Site layout: The lack of being able to use the back button isn't too bad, but I kept having to scroll up to read the top of the comic. Click, scroll up, scroll down, click scroll up, scroll down...it get's old.
The wrtiting doesn't seem natural. It feels a lot like you came up with this story idea for a character being transported to another world, then said "Wait, that's not what I would do...". So you promply ignored yourself. Instead of changing the story, you made the main character blaze about the whole thing. No matter how bland or undesirable someone's life is, nobody is going to take calmly to being transported into another world like that. It would challenge the fundamental beliefs anyone has.
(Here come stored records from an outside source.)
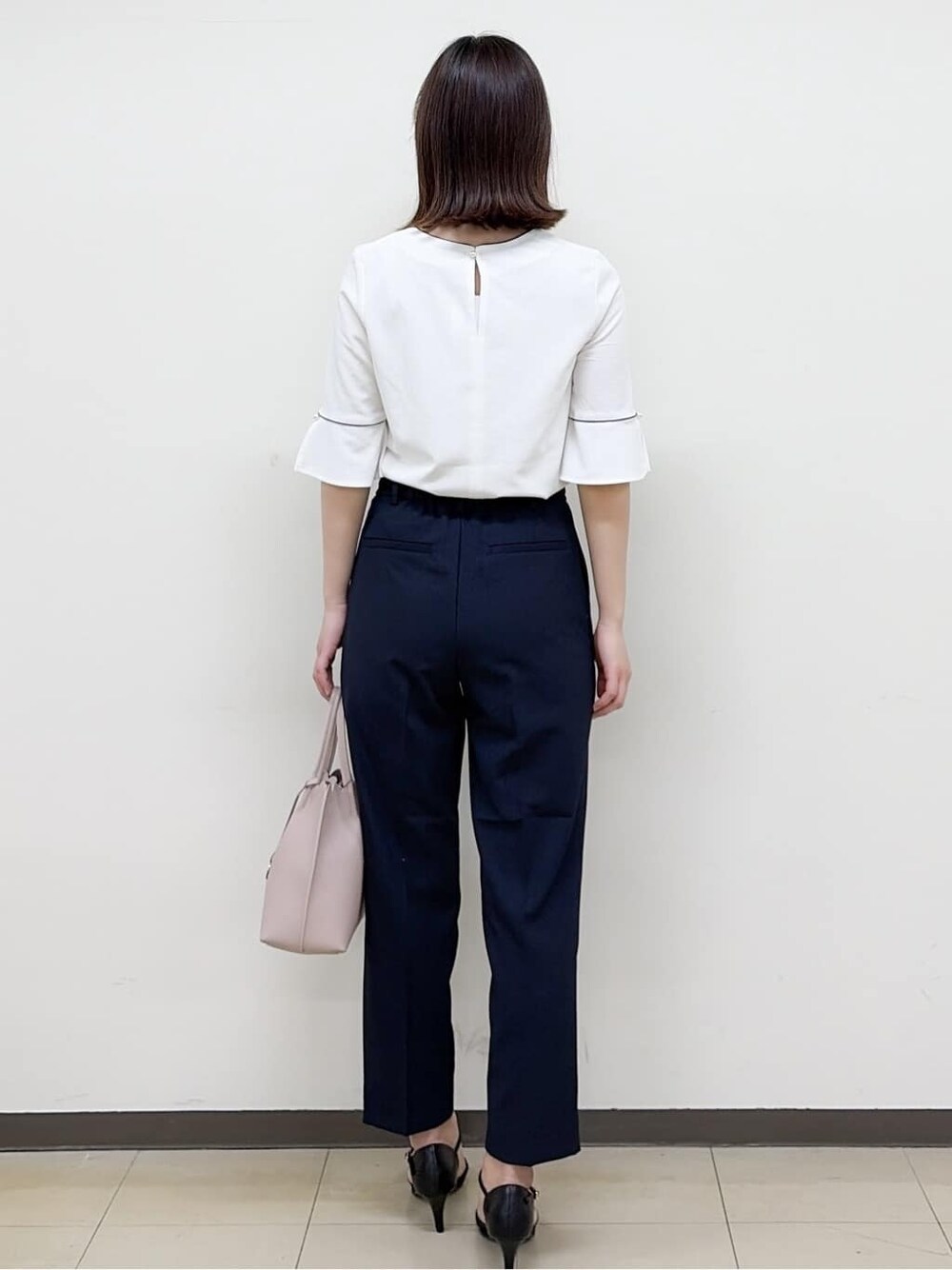 ブルー系のその他パンツ、ブラック系のパンプス、ブラック系のショルダーバッグを着用したレディースの春コーディネートの9枚目の写真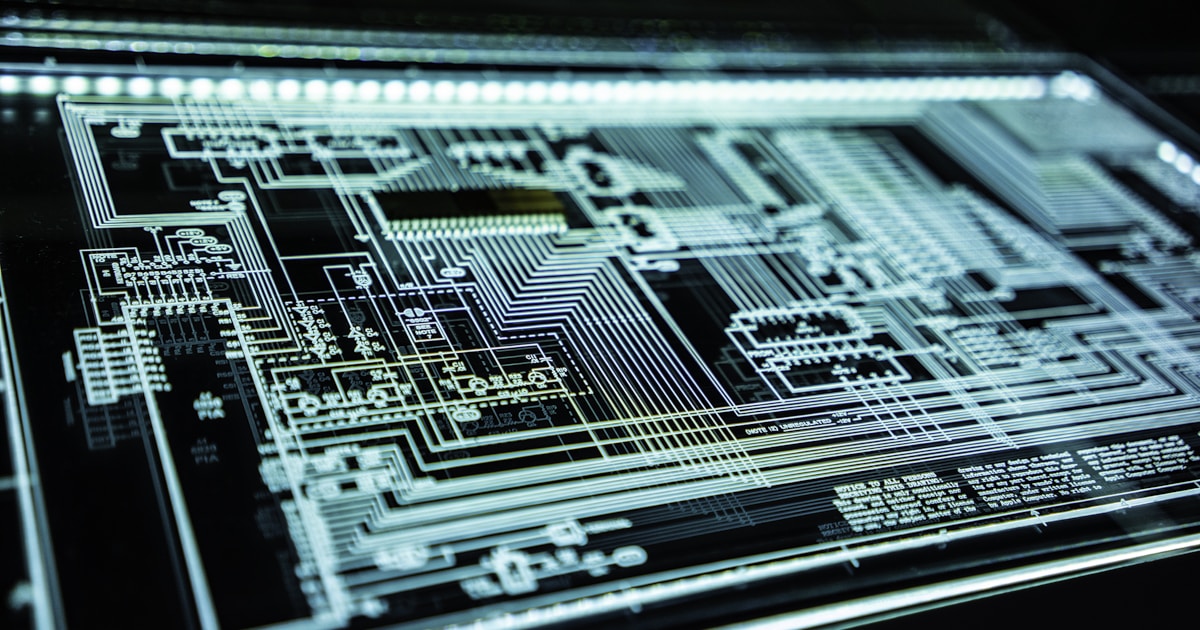 Indoor LED vs LCD Display: How To Choose the Right Commercial Screen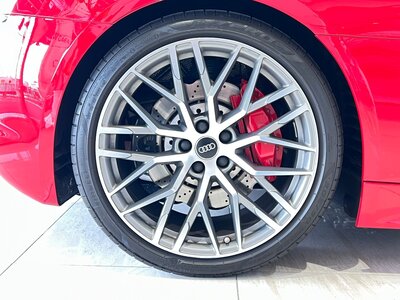 صورة 39 لـ 2017 AUDI R8 SPYDER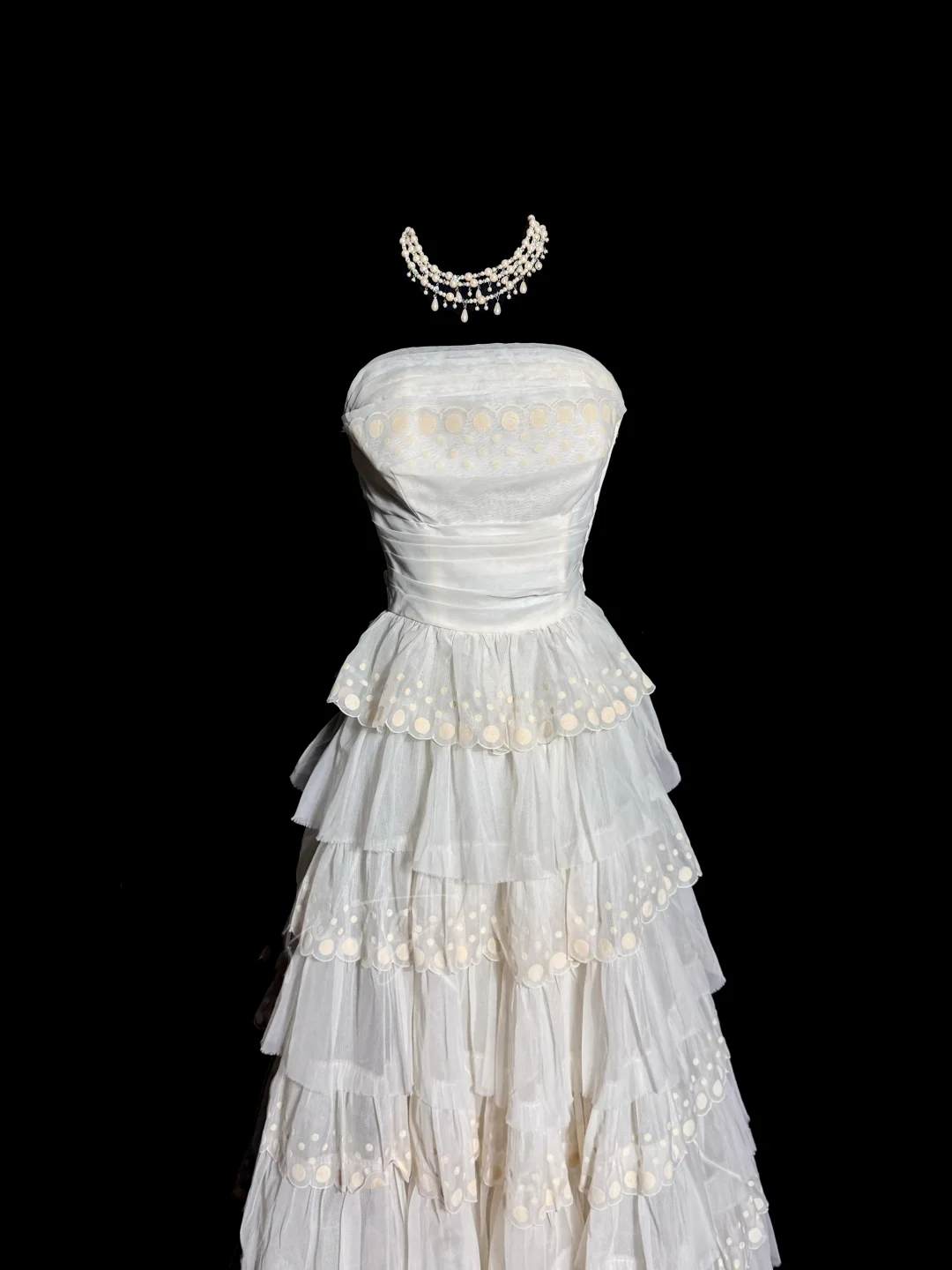 Vintage Ball Gown Strapless White Lace Prom Gown Fairy Prom Dresses - View 5 | VelvetHem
You really should "Write from what you know." It's ok to put a little bit of yourself into every character. If it's not something you would do, or that you've seen someone else do, you really shouldn't write it into your comic. I'm not talking about jumping between worlds, or fighting aliens, or whatever; I mean the way people deal with these things. I've you've never seen someone angry before, you don't have the right to write stories about angry people. On the other hand, if you've seen someone angry before, and you write a story about an angry person, there should be similar elements to how they react.
The main character just feels like they don't care, and aren't really interested in the fact that they got transported to an alien world. That does merit the same reaction you would have, "!!!". It's ok to devote a page or two (depending on the pacing) to the person mentally dealing with this. The main character doesn't need to be constantly whining "What am I doing here?", but at some point he needs to stop and take a moment to evaluate the change of events, deciding if he's going to accept them, or fight them, or not care about them.
Also, there are parts where the comic reads a little like a collectible card game description. "This radio headset is also doubles as a psyonic-ultra-blaster that deals 8 damage to any Dark creature" People don't usually talk like that in real life. You also don't have to describe every detail to the audience. The audience can pick things up indirectly. They also don't need specific details. Try showing your audience how things work, instead of giving them technical specifications. Another way to give the same infor mation above is:
(Character removes radio headset from head),
(Character pushes button),
(radio headset turns into glowing thing)
(Character hands glowing thing to other Character)
Character: "Use this psyonic-ultra-blaster in battle, it is most effective against Dark creatures."
This example use much more natural launguage and doesn't recite a list of technical jargon. It does convey the same message: This is a weapon, it's name, what it's used for.
Hope this helps, take it with a grain of salt, and have fun.